## Data excerpts
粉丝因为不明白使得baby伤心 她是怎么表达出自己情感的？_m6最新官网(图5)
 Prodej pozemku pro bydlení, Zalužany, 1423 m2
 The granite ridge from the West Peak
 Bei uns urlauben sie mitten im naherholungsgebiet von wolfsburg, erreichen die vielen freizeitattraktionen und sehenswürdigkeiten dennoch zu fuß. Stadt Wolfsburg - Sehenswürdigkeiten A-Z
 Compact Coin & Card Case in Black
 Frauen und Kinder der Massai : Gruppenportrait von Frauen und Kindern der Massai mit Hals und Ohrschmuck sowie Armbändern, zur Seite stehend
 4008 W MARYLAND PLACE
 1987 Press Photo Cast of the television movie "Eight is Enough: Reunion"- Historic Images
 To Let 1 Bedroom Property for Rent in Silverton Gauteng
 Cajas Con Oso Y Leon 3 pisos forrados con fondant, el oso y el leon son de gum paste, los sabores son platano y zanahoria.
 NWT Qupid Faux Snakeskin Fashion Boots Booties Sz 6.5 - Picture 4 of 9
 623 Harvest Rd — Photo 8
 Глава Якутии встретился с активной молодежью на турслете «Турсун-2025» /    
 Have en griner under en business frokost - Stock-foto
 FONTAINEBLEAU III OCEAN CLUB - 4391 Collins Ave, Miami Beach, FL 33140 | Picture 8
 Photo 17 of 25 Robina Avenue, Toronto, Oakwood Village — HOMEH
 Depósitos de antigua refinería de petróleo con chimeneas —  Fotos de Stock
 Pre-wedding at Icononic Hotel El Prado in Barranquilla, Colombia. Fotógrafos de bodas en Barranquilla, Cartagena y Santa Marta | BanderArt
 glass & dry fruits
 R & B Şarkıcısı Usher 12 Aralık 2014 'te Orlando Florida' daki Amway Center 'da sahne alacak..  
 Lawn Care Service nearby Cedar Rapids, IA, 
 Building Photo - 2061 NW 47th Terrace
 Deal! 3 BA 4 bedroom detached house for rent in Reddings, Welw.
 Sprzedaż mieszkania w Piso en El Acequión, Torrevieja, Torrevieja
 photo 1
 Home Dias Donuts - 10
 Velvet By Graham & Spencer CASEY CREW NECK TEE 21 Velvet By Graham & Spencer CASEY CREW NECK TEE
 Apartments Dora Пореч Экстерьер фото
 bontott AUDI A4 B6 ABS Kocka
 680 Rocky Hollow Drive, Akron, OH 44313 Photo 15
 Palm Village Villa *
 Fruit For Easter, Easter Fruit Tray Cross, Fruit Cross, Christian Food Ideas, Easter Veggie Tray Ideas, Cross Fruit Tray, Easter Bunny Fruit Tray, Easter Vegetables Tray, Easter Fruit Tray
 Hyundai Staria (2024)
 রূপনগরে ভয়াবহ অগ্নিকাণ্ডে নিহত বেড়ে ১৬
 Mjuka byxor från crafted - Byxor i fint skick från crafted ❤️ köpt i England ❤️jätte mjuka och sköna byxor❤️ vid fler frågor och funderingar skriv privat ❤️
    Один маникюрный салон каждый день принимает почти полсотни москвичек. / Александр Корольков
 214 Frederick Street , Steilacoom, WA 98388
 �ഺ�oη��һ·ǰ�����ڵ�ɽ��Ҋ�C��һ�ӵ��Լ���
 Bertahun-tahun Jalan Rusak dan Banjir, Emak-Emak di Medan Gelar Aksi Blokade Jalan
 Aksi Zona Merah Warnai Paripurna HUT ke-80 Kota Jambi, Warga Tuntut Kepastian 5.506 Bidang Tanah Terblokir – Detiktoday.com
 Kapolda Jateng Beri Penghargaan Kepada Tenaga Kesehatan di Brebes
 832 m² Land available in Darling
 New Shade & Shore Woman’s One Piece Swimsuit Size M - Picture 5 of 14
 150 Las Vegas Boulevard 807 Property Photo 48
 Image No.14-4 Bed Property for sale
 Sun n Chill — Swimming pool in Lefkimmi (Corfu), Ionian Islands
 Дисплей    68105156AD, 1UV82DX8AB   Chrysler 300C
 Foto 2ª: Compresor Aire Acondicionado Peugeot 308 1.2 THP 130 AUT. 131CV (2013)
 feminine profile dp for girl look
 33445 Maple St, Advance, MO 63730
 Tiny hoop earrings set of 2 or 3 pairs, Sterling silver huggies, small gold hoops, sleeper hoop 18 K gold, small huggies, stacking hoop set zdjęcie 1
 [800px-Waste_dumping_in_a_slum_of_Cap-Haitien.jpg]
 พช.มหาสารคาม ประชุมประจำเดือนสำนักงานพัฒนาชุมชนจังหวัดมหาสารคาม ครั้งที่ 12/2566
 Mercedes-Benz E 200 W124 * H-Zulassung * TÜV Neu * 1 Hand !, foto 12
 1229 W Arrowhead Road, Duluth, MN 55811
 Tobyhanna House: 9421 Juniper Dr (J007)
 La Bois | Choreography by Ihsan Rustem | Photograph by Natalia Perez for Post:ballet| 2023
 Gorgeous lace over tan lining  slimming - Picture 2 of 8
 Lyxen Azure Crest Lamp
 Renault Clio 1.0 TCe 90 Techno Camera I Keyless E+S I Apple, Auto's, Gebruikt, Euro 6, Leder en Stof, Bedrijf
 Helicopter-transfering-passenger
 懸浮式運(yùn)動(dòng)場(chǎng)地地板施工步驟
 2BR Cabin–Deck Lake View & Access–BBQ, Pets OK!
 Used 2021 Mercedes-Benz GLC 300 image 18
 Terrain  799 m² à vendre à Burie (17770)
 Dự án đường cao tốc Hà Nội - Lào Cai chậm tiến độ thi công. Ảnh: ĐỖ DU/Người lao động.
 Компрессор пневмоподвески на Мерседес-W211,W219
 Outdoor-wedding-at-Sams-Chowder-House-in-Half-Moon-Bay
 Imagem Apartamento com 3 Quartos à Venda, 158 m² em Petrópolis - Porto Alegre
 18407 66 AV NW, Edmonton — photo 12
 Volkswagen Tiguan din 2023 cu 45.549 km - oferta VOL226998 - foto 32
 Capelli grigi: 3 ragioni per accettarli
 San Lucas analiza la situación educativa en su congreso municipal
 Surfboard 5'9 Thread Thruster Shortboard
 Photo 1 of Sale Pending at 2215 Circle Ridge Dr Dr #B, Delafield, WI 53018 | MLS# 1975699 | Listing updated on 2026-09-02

## Required action
Respond with the lines above, from the one that holds "1229 W Arrowhead Road, Duluth, MN 55811" to the end of the listing, each repeated exactly, and with no other material.

## Expected answer
 1229 W Arrowhead Road, Duluth, MN 55811
 Tobyhanna House: 9421 Juniper Dr (J007)
 La Bois | Choreography by Ihsan Rustem | Photograph by Natalia Perez for Post:ballet| 2023
 Gorgeous lace over tan lining  slimming - Picture 2 of 8
 Lyxen Azure Crest Lamp
 Renault Clio 1.0 TCe 90 Techno Camera I Keyless E+S I Apple, Auto's, Gebruikt, Euro 6, Leder en Stof, Bedrijf
 Helicopter-transfering-passenger
 懸浮式運(yùn)動(dòng)場(chǎng)地地板施工步驟
 2BR Cabin–Deck Lake View & Access–BBQ, Pets OK!
 Used 2021 Mercedes-Benz GLC 300 image 18
 Terrain  799 m² à vendre à Burie (17770)
 Dự án đường cao tốc Hà Nội - Lào Cai chậm tiến độ thi công. Ảnh: ĐỖ DU/Người lao động.
 Компрессор пневмоподвески на Мерседес-W211,W219
 Outdoor-wedding-at-Sams-Chowder-House-in-Half-Moon-Bay
 Imagem Apartamento com 3 Quartos à Venda, 158 m² em Petrópolis - Porto Alegre
 18407 66 AV NW, Edmonton — photo 12
 Volkswagen Tiguan din 2023 cu 45.549 km - oferta VOL226998 - foto 32
 Capelli grigi: 3 ragioni per accettarli
 San Lucas analiza la situación educativa en su congreso municipal
 Surfboard 5'9 Thread Thruster Shortboard
 Photo 1 of Sale Pending at 2215 Circle Ridge Dr Dr #B, Delafield, WI 53018 | MLS# 1975699 | Listing updated on 2026-09-02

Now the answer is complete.